La mairie ne peut pas infliger d'amende sur ces places interdites au stationnement, s'y garer est légal dans ce cas
Une règle méconnue du Code de la route, un passage devant la plus haute juridiction française, et un arrêté qui a fait couler de l'encre. Ainsi s'est nouée dans le Loiret une bataille judiciaire de deux ans. Elle a vu le jour à cause d'une simple amende pour stationnement.
Tout commence au cœur de l'hiver, en janvier 2021, sur le territoire de Montargis. Après s'être garé sur un emplacement non autorisé, un homme est verbalisé. Précisément, il fait l'objet d'un procès-verbal pour arrêt ou stationnement gênant sur une voie spécialement désignée par arrêté municipal.
Problème : dans la rue, rien n'indique qu'à cet emplacement, le stationnement ou l'arrêt sont interdits, selon le conducteur. C'est là le cœur de la bataille judiciaire. L'homme conteste l'infraction en raison de l'absence de signalisation, invoquant la violation des dispositions de l'article R. 411-25 du Code de la route.

Il faut savoir que le Code de la route précise les cas où un stationnement est considéré comme gênant et donc où aucun panneau de signalisation n'est requis. Par exemple, l'article R. 417-10 indique qu'il est généralement interdit de se garer en double file, sur la bande d'arrêt d'urgence ou dans les aires piétonnes.

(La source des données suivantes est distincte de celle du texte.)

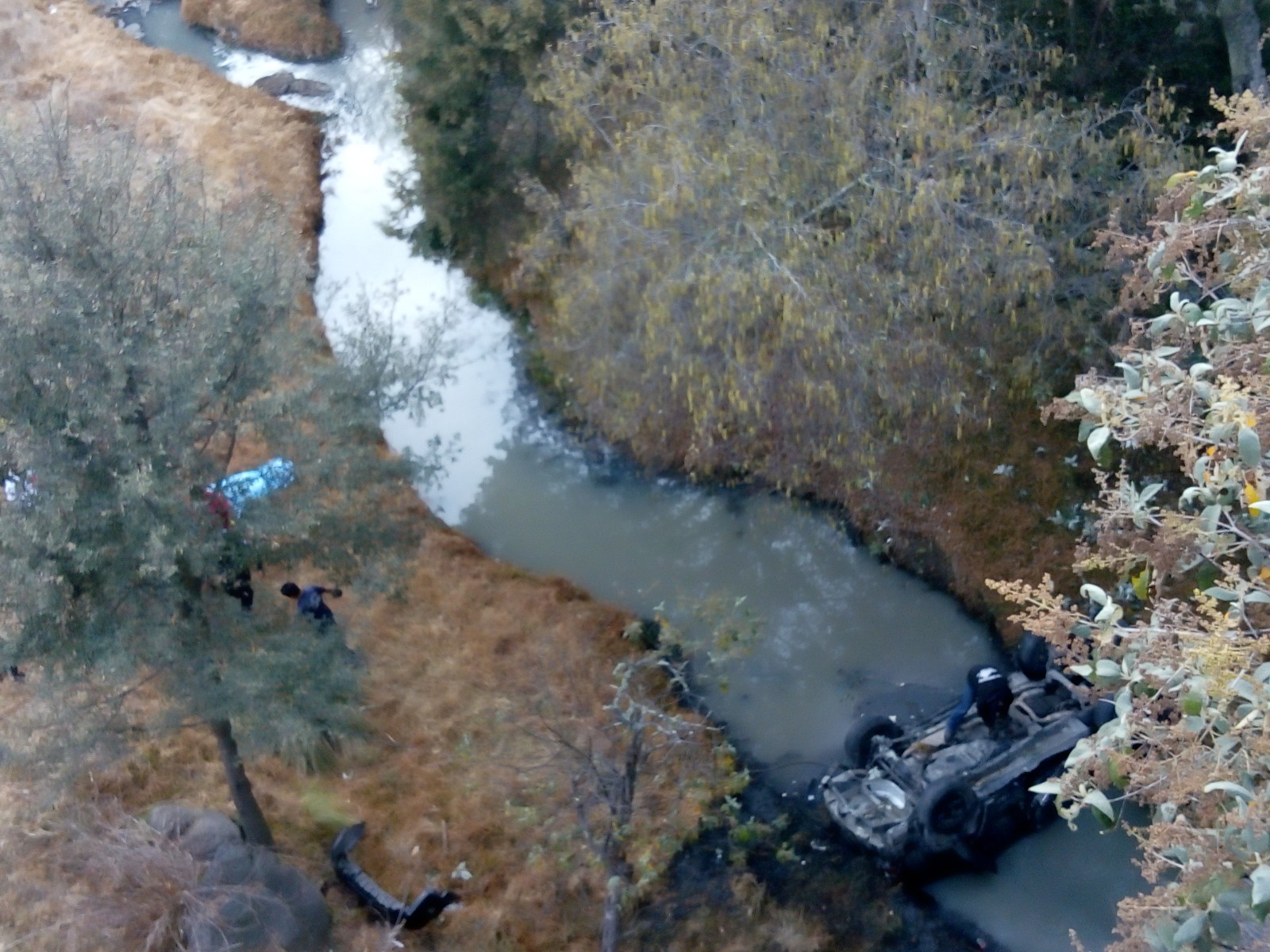 VIDEO: Mueren 3 al caer camioneta a barranco de Tlahuapan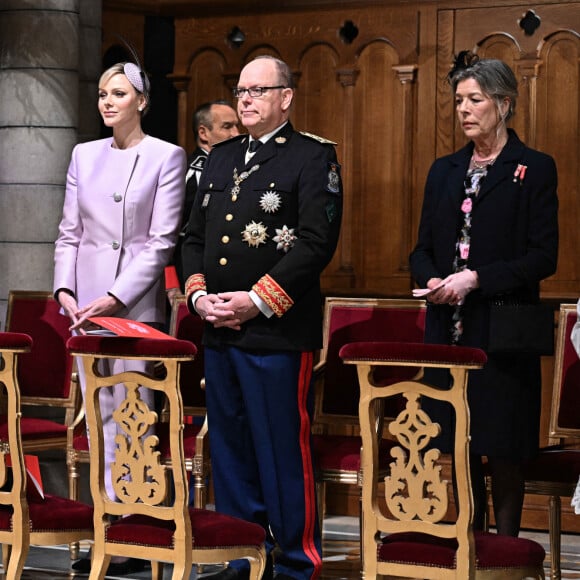 A l'intérieur, le couple princier a rejoint les soeurs d'Albert : Caroline et Stéphanie de Monaco
Stéphanie de Monaco, Charlene et Albert de Monaco ainsi que Caroline de Monaco lors de la messe à la Cathédrale de Monaco pour la fête nationale monégasque le 19 novembre 2024 à Monaco Photo by David NIVIERE/ABACAPRESS.COM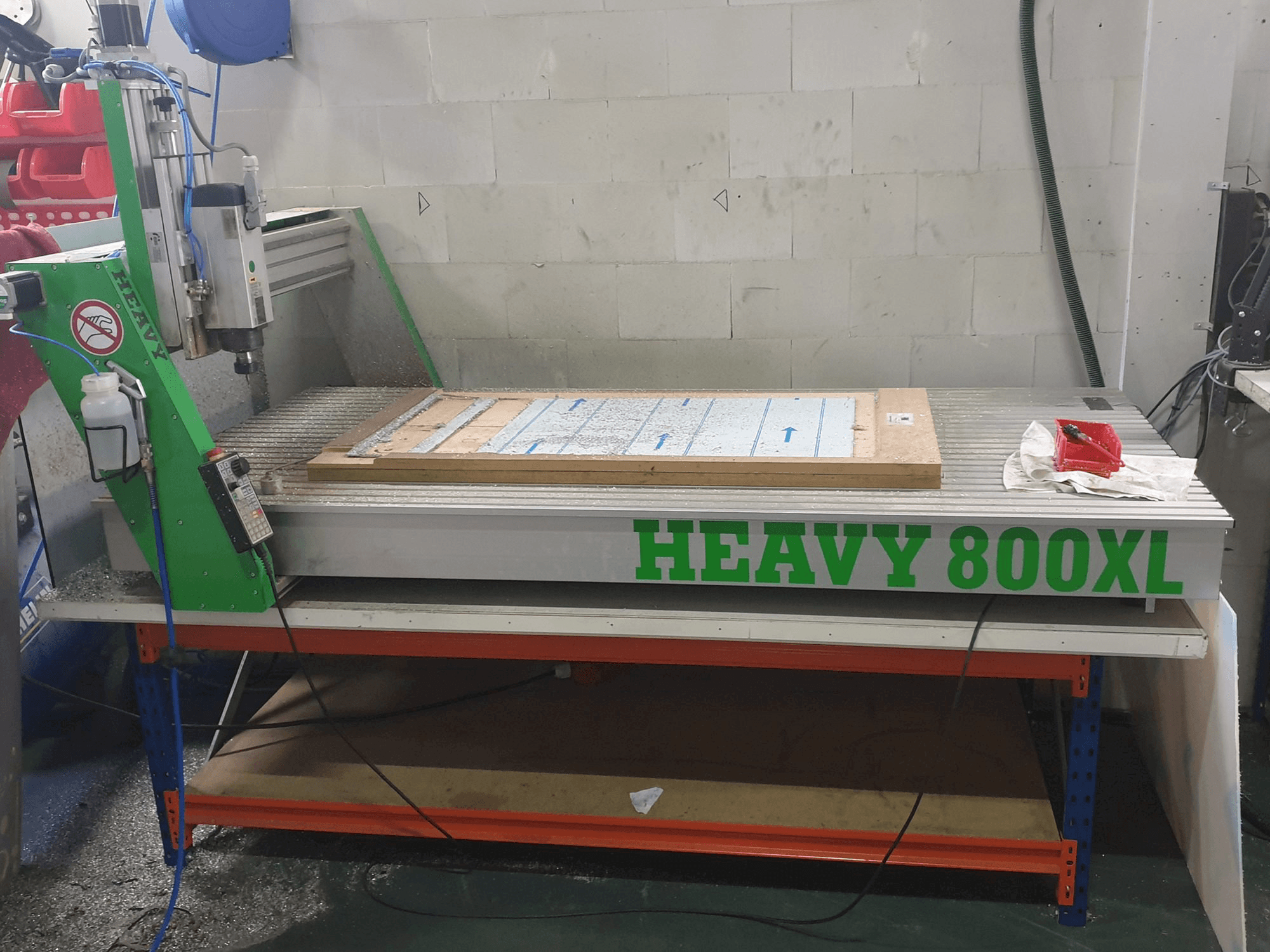 Koneen EAS etunäkymä HEAVY 800 XL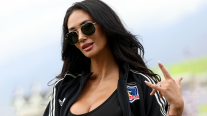 ¡Para la people!: Pamela Díaz animó evento en el Monumental por el aniversario de Colo Colo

Mais une mairie ou une autorité de police peut désigner d'autres voies où le stationnement est interdit. C'est exactement ce qui s'est produit dans le Loiret. Ici, l'arrêté municipal précise que le stationnement des véhicules à moteur est strictement interdit "en dehors des emplacements spécifiquement prévus à cet effet".
Problème : ces dispositions réglementaires prises par les autorités compétentes doivent être signalées, comme le souligne l'article R. 411-25 du Code de la route. Autrement dit : "on ne peut vous reprocher une infraction que si une signalisation conforme existe", précise Maître Etienne Lejeune dans une analyse de l'affaire publiée sur son site internet. La mairie a découvert la règle à ses dépens.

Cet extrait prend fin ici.